The main drawback of scalar multi-fidelity surrogates is the possible loss of correlation between high- and low-fidelity models through the integration of scalar objectives and/or constraints of the optimization problem. To circumvent this problem, the Shape-Preserving Response Prediction (SPRP) Koziel and Leifsson (2012); Leifsson and Koziel (2015) applies the vectorial modifications observed on a low-fidelity response to an equivalent high-fidelity reference over a reference neighbourhood. Another solution proposed in Toal (2014) introduces the “Proper Orthogonal Decomposition” (POD) of the entire aerodynamic field modeled at two different levels of fidelity. The “Gappy -POD” technique (Everson and Sirovich 1995) is then used to predict the missing high-fidelity from the low-fidelity field. The predictive ability and the insight available in POD based models are stressed in (Coelho et al. 2008) where a comparison with scalar models is provided.
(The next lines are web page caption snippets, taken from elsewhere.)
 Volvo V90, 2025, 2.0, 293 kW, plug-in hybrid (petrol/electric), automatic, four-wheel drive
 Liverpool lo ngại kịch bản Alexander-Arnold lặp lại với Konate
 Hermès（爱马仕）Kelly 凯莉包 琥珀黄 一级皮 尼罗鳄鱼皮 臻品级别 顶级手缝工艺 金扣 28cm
This paper further investigates the use of Gappy-POD for multi-fidelity modeling. In order to integrate this type of models in an online optimization scheme, an enrichment criterion, based on the error of the available low-fidelity Gappy-POD projection on the POD space, is proposed. Its efficiency to highlight poorly predicted areas in the design space is compared to another criterion from the literature (Guénot et al. 2013).
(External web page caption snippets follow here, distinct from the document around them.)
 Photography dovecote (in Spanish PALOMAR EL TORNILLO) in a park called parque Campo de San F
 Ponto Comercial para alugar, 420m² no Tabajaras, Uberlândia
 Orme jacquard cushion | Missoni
The paper is organized as follows. Section 2 introduces the POD and Gappy-POD methods with a short review of previous applications. In Section 3, our infill criterion is presented in details and is associated to an enrichment algorithm. Section 4 presents the 2D airfoil application to illustrate the Gappy-POD multi-fidelity approach and the associated results. Finally, conclusions and perspectives are drawn in Section 5.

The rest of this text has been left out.